Ify mendengar dan berlari ke arah Rio. “Mohon maaf lahir dan batin ya. Yo.”
“Aku sudah memaafkan semua kesalahanmu.” Ucap Rio sok jadi ustad. “Aku juga ya.” Tambahnya yang dibalas Ify “Iya, Yo.”
“Kamu mau kemana, Fy?”
“Ke rumah Tanteku yang di Surabaya.”
“Berapa lama?”
“Sampai liburan selesai.”
“Lama amat.”
“Kenapa? Takut kangen sama aku ya?” goda Ify.
“Bukan sih, cuma takutnya nanti nggak ada lagi yang mau ngomelin aku.”
“Capek ngomelin kamu terus. Masuk kuping kanan keluar kuping kiri.” Ify menjulurkan lidahnya. 
Rio menyeringai.
Ify naik ke dalam mobil. Sebelum mobil itu jalan, Rio berteriak. “Ify aku pasti akan merindukanmu.” Ify hanya tersenyum mendengarnya.
Entah kenapa kata-kata itu keluar begitu saja. Ketika mobil itu pergi dan menghilang dari pandangannya, tiba-tiba saja perasaan aneh datang menyergapnya. Seakan pertanda bahwa sesuatu akan terjadi pada Ify.
Dan ternyata perasaan Rio benar. Mobil yang Ify  kendarai bersama orang tuanya mengalami kecelakaan. Begitu mendengar kabar mengaenai kecelakaan itu, Rio bersama kedua orang tuanya  segera pergi ke rumah sakit.

Rio berdiri terpaku tanpa bersuara. Di matanya terdapat cairan bening yang perlahan bergulir jatuh kepipinya. Aah, ternyata sang badboy sekolah yang terkenal bandel itu pun bisa terlihat cengeng juga.
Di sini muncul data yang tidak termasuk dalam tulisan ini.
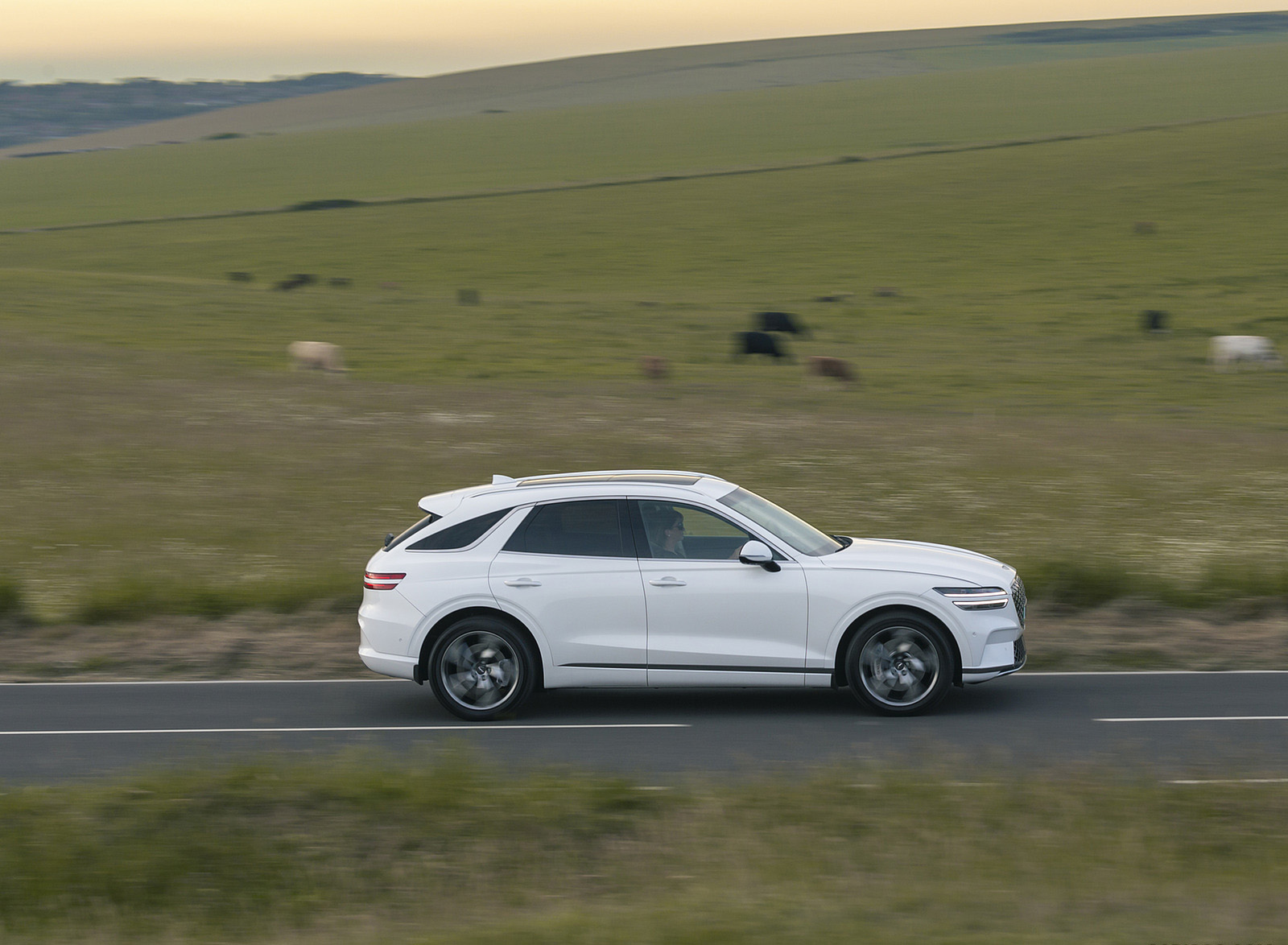 2023 Genesis Electrified GV70 (UK-Spec) Side Wallpapers  (4)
Rio menatap nanar ke arah Ify yang terkapar lemah diatas ranjang rumah sakit . Luka yang dialami Ify cukup parah. Pendarahan di pelipis dan hidungnya tak berhenti juga. Selaput mata kanannya tesobek. Tulang kakinya patah. Rio terus menggenggam tangan Ify sambil merapalkan doa agar Ify baik-baik saja.
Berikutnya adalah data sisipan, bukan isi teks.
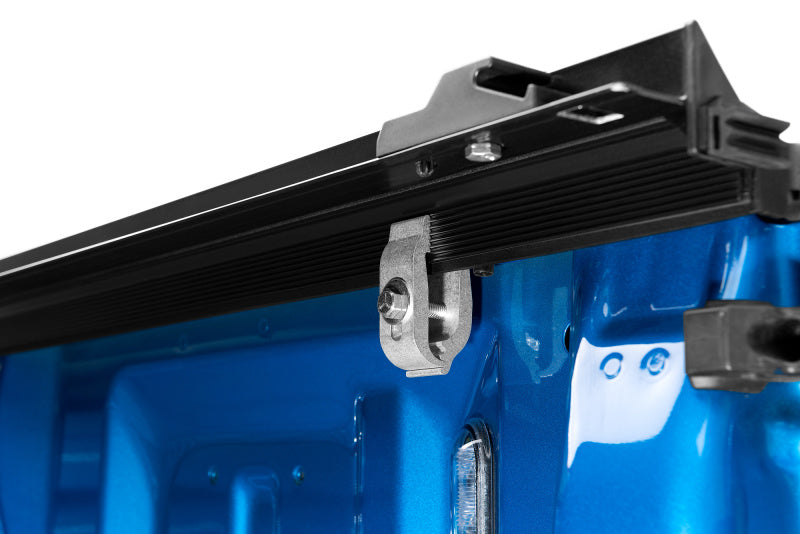 Lund 02-17 Dodge Ram 1500 (caisse de 8 pi, sans caisses avec Rambox) Genesis Roll Up Tonneau Cover - Noir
Namun Tuhan berkehendak lain. Tiba-tiba saja terdengar suara panjang yang memekikan telinga dari alat pendeteksi jantung. Sejurus kemudian, seorang dokter ditemani beberapa perawat masuk dan menyuruh Rio keluar.
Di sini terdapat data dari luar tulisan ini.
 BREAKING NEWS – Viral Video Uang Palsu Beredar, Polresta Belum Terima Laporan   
Tak berapa lama dokter itu keluar tanpa berkata apa-apa. Jerit tangis pun terdengar. Ify pergi untuk selamanya. Sementara Rio hanya membisu dengan air mata.

“Aku senang karena akhirnya aku bisa membujukmu terawih, walau hanya sekali.” Ucap Ify bahagia, kala itu.
“Ramadhan berikutnya kamu harus rajin terawih, Yo! Puasanya juga jangan bolong-bolong.” Nasihat Ify yang terus terngiang di pikiran Rio.

“Aku sudah memenuhi keinginanmu, Fy. Ramadhan kali ini aku selalu terawih. Puasaku juga full. Sama seperti Ramadhan tahun lalu. Sayang, Ramadhan tahun ini dan ramadhan tahun lalu kamu tidak ada disini.” Ucap Rio lirih.
“Aku merindukanmu, Fy.” Rio tersenyum menatap makam yang berada dihadapannya. Makam Alyssa Saufika Umari, sahabatnya.
“Terima kasih, Yo. Aku juga sangat merindukanmu.” Jawab sebuah bayangan yang menatap siluet Rio dari jauh dengan tersenyum.